- One in two already uses AI in everyday life today
- More than half expect AI to change society within five years – or are already doing so
The chatbot answers every question ready to print or the app paints a picture according to instructions and in the desired style – a broad public has tried out in recent weeks and months what artificial intelligence can now do. Around three quarters of German citizens (73 percent) now believe that AI is an opportunity. 26 percent see AI exclusively as an opportunity, 47 percent rather as an opportunity. In contrast, 14 percent consider AI to be more of a danger, and one tenth (10 percent) even see it exclusively as a danger. This is the result of a survey of 1,007 people aged 16 and over in Germany commissioned by the digital association Bitkom. “We are currently experiencing a historic moment in artificial intelligence: for the first time, computers are really speaking our language and we no longer have to learn the language of computers in order to understand or instruct them,” says Bitkom President Achim Berg. “We can already say today that artificial intelligence will be the technology of 2023. In the coming years, AI will change the world more than such a major innovation as the smartphone did.”
Expectations of AI are high among the population, with 8 in 10 (79 per cent) convinced that AI will strengthen the competitiveness of the German economy – three years ago the figure was 66 per cent. Two-thirds (66 percent) now want AI to be used when the technology brings them concrete benefits, for example in medicine or transport. And around half (51 percent) say they already regularly use AI-based products and services in their everyday lives, such as voice assistants. Around a third (35 percent) fear that humans will be disempowered by machines; in 2020, this concern was shared by significantly more people (46 percent). Only 26 percent assume that AI will not fulfil the great expectations (2020: 28 percent). At the same time, however, a broad majority (88 percent, 2020: 85 percent) would like to see AI software tested particularly thoroughly in Germany and only be allowed to be used in devices after it has been approved. At the same time, a third (34 percent, 2020: 44 percent) demand that AI should be banned in certain areas of application. “We need guidelines for the use of AI. These guidelines must be designed in such a way that the benefits of AI are maximised and risks minimised,” says Berg.

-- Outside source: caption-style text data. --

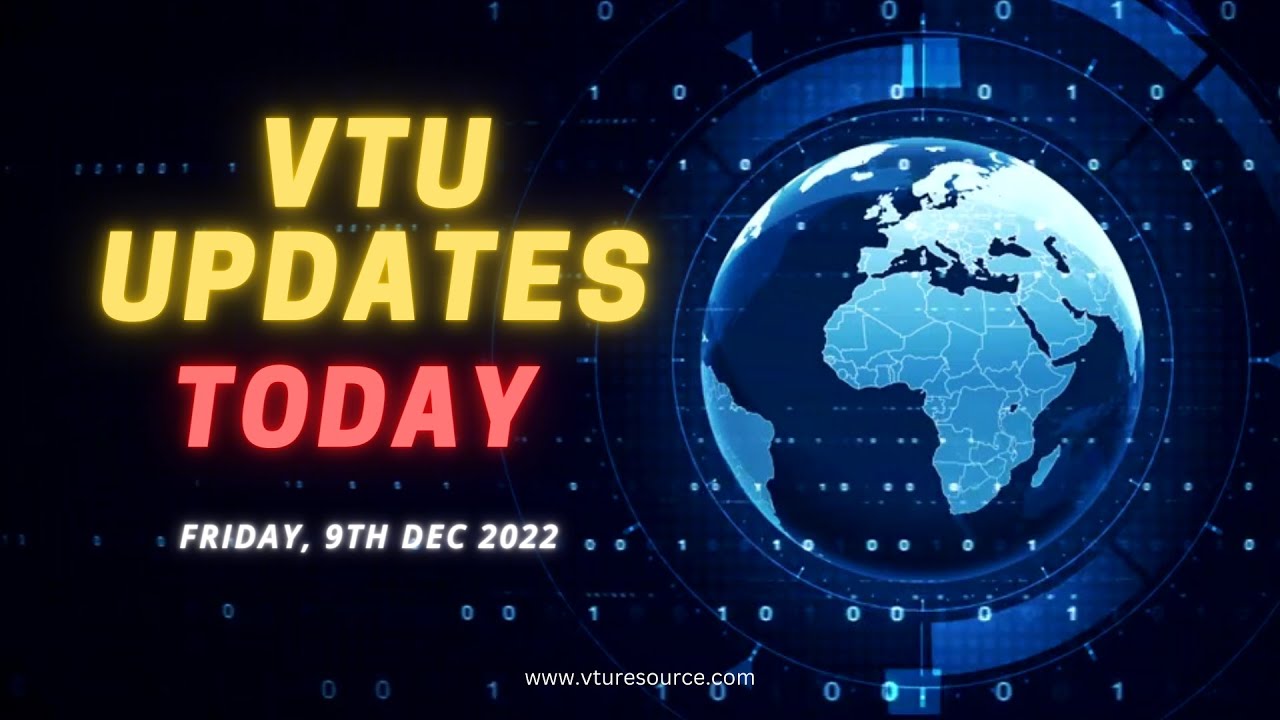 VTU Updates Today - 9th Dec 2022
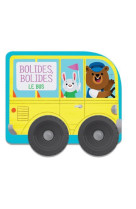 Le bus - bolides bolides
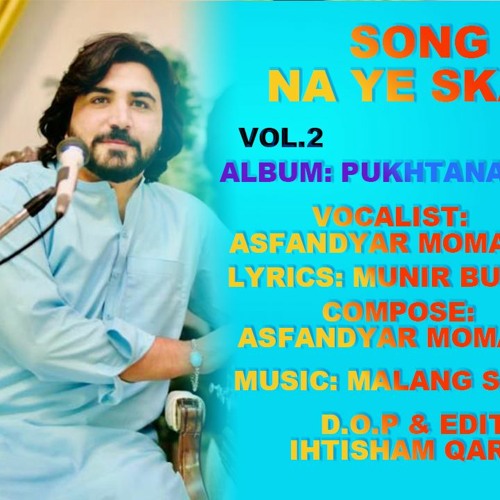 Na Ye Skam Khu Waye Skam Asfandyar Momand Pashto New Song 2021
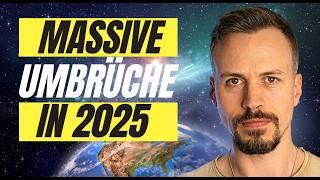 2025: Was uns bevorsteht - Darauf müssen wir uns einstellen!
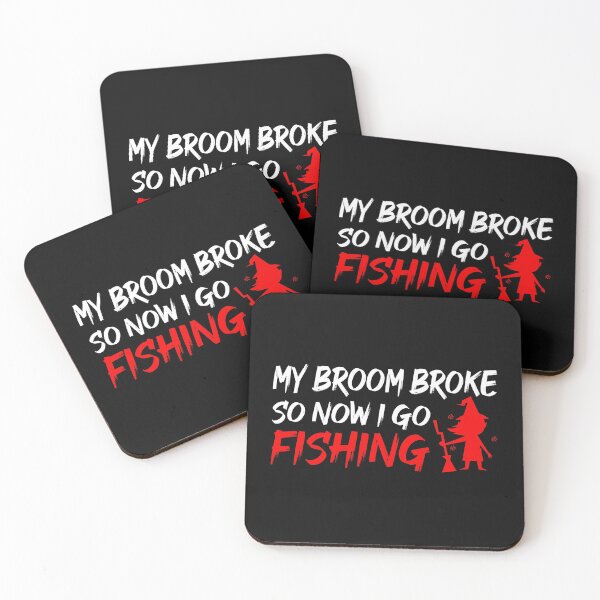 Item preview, My Broom Broke So Now I Go Fishing designed and sold by ZAstore.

Most people think that artificial intelligence will noticeably change our society in the coming years – or is already doing so. 28 percent say the changes are already noticeable, 30 percent expect it in the next five years, 13 percent in the next ten and 11 percent in the next 20 years. Only 8 percent expect it in more than 20 years at the earliest and just 4 percent believe that AI will never noticeably change society.
Note on methodology: The data is based on a survey conducted by Bitkom Research on behalf of the digital association Bitkom. A total of 1,007 people aged 16 and over were interviewed by telephone. The survey is representative. The questions were: “Do you see artificial intelligence more as an opportunity or more as a danger?”, “To what extent do you agree or disagree with the following statements on artificial intelligence?” with percentages for “agree completely” and “agree somewhat” and “When do you think artificial intelligence will noticeably change society, whether negatively or positively?